(Work task)
Start at the first line of the listing below. Write out each line exactly, stopping after the one that contains "Looking at the".
:::::
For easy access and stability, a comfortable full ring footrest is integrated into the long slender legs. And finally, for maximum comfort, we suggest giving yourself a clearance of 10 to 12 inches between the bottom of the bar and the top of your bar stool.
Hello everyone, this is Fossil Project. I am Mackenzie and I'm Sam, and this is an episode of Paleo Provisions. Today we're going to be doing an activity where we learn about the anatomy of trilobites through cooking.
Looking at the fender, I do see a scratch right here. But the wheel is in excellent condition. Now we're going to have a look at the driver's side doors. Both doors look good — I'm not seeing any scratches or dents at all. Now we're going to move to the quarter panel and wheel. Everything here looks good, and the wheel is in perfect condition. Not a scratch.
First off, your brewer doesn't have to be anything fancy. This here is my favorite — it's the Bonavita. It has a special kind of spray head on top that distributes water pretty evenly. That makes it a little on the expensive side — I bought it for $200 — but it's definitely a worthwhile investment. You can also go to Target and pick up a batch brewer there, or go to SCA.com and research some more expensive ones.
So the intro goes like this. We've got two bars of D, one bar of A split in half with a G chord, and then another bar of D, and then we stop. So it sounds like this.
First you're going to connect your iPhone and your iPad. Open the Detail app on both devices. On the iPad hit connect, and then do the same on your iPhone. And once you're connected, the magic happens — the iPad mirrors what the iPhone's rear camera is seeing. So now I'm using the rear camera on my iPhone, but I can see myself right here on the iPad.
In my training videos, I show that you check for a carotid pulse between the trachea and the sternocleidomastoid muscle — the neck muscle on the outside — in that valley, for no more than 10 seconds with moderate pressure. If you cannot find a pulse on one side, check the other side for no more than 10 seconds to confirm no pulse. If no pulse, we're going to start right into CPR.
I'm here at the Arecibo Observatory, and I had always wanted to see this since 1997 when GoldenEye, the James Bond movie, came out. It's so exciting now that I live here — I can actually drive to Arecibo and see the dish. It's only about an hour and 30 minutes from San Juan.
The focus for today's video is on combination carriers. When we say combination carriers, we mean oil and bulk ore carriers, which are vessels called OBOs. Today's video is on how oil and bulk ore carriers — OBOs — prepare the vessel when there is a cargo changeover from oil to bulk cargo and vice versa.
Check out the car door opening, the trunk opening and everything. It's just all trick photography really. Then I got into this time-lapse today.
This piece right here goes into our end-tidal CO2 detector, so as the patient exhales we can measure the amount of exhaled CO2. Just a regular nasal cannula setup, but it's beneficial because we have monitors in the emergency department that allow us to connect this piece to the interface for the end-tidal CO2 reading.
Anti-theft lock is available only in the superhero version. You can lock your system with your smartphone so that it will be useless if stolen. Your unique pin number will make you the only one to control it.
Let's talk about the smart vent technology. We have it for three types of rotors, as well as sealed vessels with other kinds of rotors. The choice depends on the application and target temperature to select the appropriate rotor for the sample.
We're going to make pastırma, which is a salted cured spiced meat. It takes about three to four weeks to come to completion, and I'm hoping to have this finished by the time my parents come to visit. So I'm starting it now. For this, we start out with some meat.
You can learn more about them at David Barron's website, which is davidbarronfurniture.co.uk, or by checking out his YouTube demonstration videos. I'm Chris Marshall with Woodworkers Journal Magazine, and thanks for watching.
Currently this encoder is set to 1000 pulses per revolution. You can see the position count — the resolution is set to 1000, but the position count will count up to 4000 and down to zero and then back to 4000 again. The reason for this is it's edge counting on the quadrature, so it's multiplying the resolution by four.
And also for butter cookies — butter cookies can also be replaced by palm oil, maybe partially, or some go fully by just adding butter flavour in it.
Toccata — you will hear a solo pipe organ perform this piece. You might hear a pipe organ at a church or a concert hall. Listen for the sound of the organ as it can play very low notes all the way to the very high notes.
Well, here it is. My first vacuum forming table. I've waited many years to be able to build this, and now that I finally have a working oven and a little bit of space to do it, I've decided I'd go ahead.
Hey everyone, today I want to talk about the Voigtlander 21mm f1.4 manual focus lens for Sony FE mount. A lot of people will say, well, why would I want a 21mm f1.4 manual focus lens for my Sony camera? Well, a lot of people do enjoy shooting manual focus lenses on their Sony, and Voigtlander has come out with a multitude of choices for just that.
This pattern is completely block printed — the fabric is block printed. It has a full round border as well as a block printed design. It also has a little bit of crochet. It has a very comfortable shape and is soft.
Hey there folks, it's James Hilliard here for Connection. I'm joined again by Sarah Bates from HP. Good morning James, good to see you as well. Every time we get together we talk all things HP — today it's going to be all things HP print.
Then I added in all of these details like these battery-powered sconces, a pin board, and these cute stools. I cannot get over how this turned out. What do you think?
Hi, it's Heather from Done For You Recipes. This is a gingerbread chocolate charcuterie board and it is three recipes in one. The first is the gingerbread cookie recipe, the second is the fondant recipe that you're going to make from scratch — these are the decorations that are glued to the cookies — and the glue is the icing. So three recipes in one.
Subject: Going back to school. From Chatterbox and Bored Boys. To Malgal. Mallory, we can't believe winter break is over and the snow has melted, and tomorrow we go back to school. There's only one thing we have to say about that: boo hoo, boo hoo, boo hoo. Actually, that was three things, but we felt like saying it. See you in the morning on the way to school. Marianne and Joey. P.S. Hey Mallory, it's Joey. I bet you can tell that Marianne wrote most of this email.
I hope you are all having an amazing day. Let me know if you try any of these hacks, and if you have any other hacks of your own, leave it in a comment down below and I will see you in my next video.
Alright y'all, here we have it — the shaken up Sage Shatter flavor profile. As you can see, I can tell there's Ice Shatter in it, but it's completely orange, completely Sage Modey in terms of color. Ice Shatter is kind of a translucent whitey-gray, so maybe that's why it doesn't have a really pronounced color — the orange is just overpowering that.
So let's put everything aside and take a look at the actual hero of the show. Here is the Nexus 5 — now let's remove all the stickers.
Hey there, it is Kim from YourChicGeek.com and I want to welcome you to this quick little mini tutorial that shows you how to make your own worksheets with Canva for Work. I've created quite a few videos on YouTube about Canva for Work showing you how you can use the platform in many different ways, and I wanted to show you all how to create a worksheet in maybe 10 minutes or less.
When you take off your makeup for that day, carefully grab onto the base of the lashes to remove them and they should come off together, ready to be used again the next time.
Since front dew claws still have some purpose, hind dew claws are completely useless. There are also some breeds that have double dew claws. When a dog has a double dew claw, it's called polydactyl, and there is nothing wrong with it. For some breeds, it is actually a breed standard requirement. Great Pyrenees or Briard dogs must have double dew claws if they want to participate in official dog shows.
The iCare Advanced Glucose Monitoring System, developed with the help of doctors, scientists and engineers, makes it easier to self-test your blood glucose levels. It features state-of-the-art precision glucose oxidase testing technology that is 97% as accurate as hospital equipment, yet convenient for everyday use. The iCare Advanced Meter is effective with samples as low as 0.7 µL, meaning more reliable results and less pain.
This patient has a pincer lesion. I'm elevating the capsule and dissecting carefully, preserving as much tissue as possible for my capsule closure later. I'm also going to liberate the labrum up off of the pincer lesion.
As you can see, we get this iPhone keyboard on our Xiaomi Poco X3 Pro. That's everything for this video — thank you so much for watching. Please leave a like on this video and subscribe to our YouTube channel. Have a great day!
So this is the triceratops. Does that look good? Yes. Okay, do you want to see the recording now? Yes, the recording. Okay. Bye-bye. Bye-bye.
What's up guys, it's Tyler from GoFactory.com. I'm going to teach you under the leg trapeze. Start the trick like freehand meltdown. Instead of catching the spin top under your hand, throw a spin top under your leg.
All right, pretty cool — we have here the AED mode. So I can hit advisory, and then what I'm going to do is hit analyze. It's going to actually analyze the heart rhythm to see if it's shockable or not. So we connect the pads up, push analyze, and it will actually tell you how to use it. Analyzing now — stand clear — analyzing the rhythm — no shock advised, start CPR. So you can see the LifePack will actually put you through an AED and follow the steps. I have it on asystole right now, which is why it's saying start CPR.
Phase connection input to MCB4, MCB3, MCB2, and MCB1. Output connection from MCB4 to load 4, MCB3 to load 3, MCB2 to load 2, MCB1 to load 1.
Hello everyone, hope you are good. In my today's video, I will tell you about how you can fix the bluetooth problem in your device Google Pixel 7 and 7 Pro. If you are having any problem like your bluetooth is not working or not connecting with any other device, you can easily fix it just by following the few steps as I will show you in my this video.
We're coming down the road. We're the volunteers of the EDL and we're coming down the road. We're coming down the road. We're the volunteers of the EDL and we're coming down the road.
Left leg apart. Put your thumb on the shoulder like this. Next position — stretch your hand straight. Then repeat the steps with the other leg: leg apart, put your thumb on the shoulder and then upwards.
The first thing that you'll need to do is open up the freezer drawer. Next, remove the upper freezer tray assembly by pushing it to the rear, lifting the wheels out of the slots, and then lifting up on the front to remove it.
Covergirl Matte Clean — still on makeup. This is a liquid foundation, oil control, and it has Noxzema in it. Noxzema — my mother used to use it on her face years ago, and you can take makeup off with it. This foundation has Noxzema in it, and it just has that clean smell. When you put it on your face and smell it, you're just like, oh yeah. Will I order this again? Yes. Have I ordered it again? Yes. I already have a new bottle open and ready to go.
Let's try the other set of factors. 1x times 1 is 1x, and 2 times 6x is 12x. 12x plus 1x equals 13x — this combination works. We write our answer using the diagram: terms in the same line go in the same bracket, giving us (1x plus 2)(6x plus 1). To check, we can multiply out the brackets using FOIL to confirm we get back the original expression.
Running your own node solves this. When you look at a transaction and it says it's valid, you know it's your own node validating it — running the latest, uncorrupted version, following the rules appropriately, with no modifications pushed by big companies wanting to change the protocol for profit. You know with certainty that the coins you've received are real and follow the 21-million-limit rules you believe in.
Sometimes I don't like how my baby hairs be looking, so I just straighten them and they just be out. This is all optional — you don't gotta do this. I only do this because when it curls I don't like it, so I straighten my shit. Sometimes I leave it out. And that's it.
:::::
(Result for this exercise)
For easy access and stability, a comfortable full ring footrest is integrated into the long slender legs. And finally, for maximum comfort, we suggest giving yourself a clearance of 10 to 12 inches between the bottom of the bar and the top of your bar stool.
Hello everyone, this is Fossil Project. I am Mackenzie and I'm Sam, and this is an episode of Paleo Provisions. Today we're going to be doing an activity where we learn about the anatomy of trilobites through cooking.
Looking at the fender, I do see a scratch right here. But the wheel is in excellent condition. Now we're going to have a look at the driver's side doors. Both doors look good — I'm not seeing any scratches or dents at all. Now we're going to move to the quarter panel and wheel. Everything here looks good, and the wheel is in perfect condition. Not a scratch.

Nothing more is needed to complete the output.